____ Given data
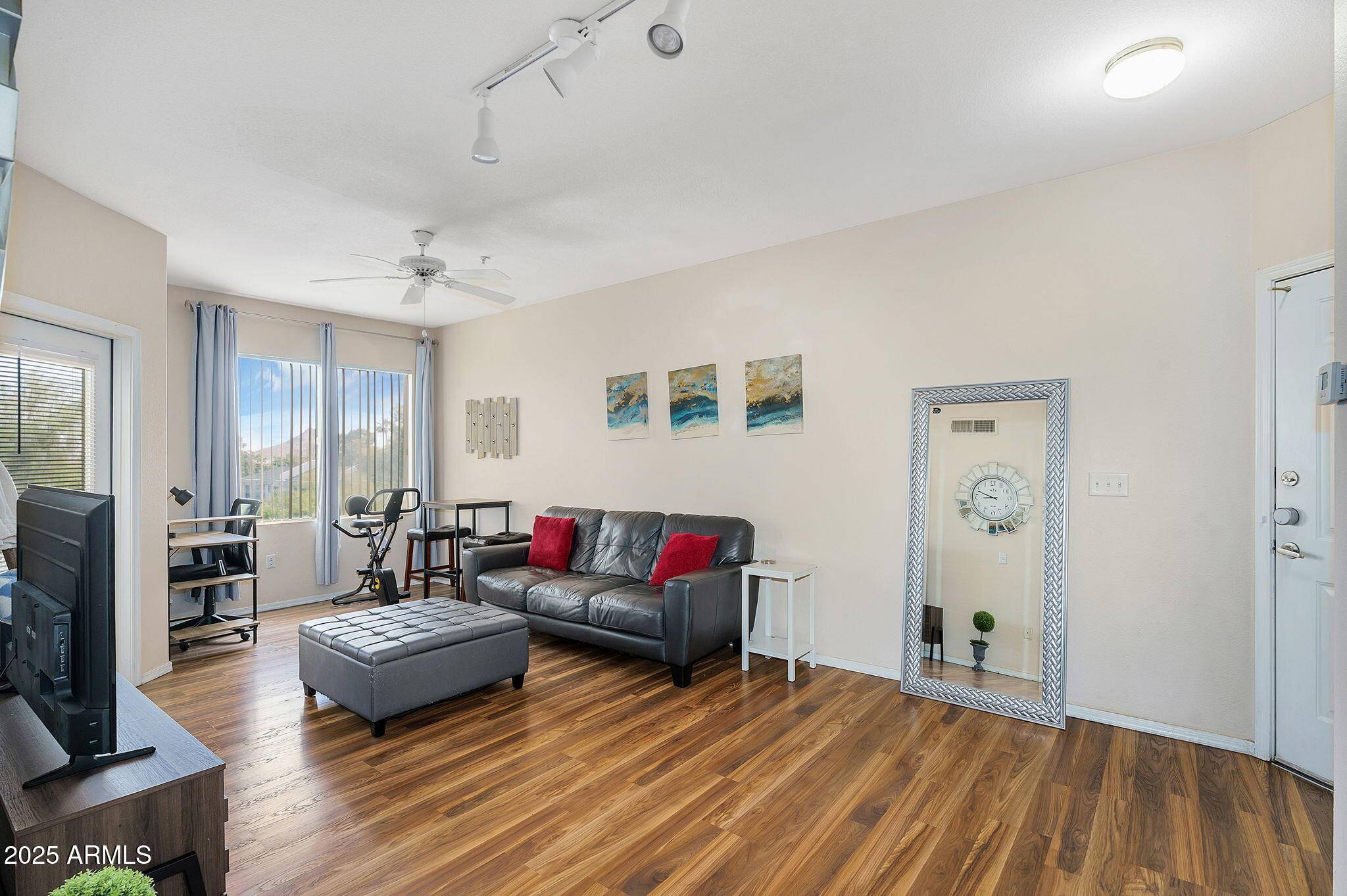 Phoenix, AZ 85032,18416 N CAVE CREEK Road #3034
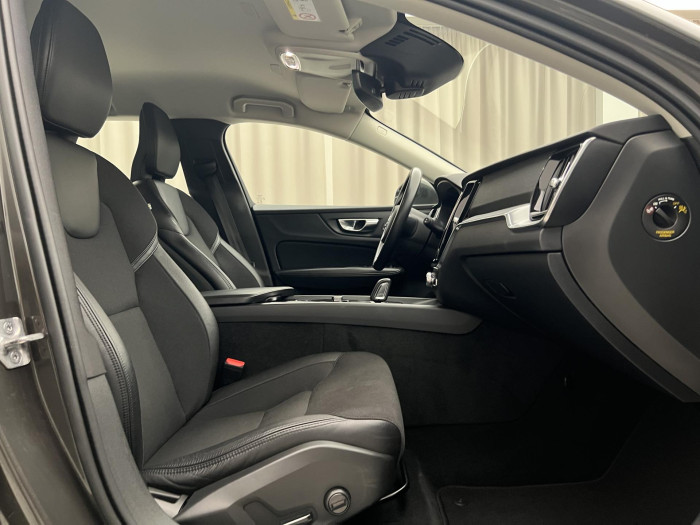 Volvo V60 B4 MOMENTUM AUT 2.0 Momentum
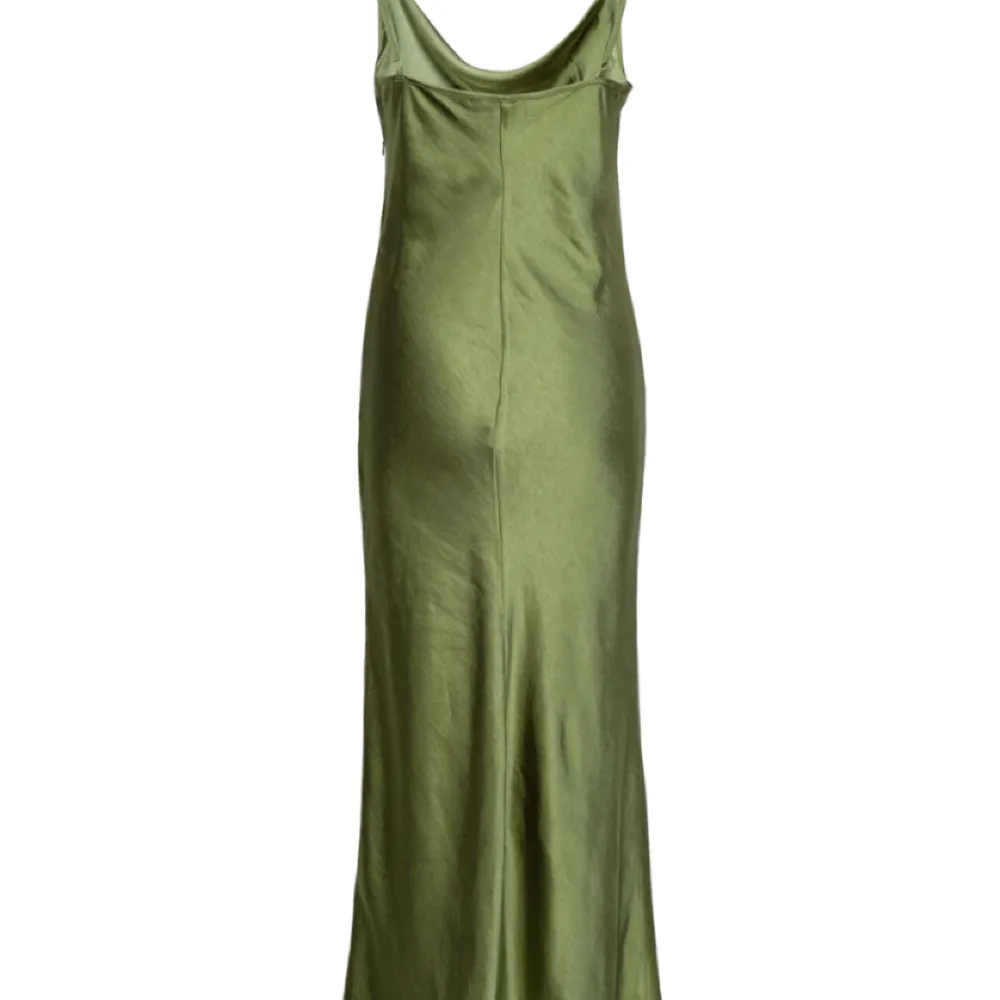Säljer denna gröna maxiklänning från märket bzr! Aldrig använd, originalpris 1100 kr.  Storlek 36. Klänningar.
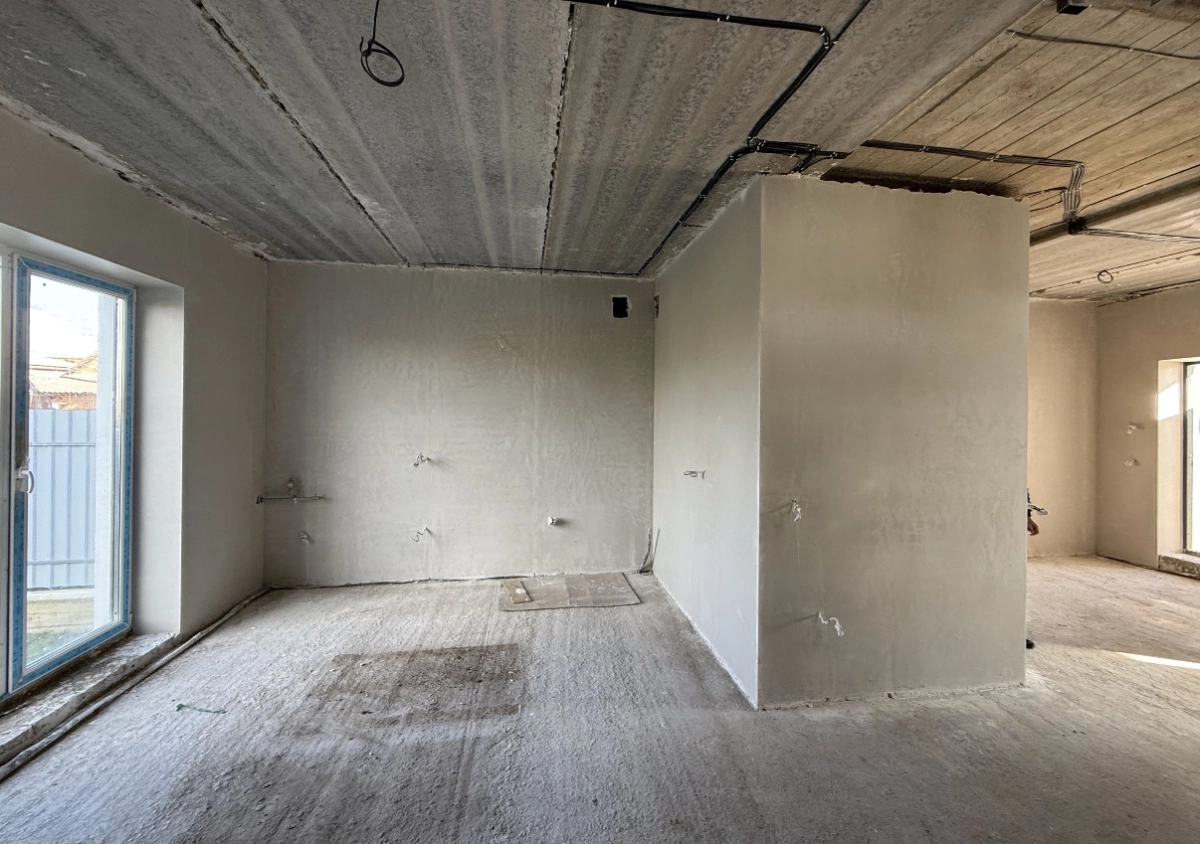 Штукатурка стін. Машина штукатурка. Гіпсова штукатурка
________
What the exercise asks: Make an exact printout of the listing above, omitting the images.

Result for this exercise:
 Phoenix, AZ 85032,18416 N CAVE CREEK Road #3034
 Volvo V60 B4 MOMENTUM AUT 2.0 Momentum
Säljer denna gröna maxiklänning från märket bzr! Aldrig använd, originalpris 1100 kr.  Storlek 36. Klänningar.
 Штукатурка стін. Машина штукатурка. Гіпсова штукатурка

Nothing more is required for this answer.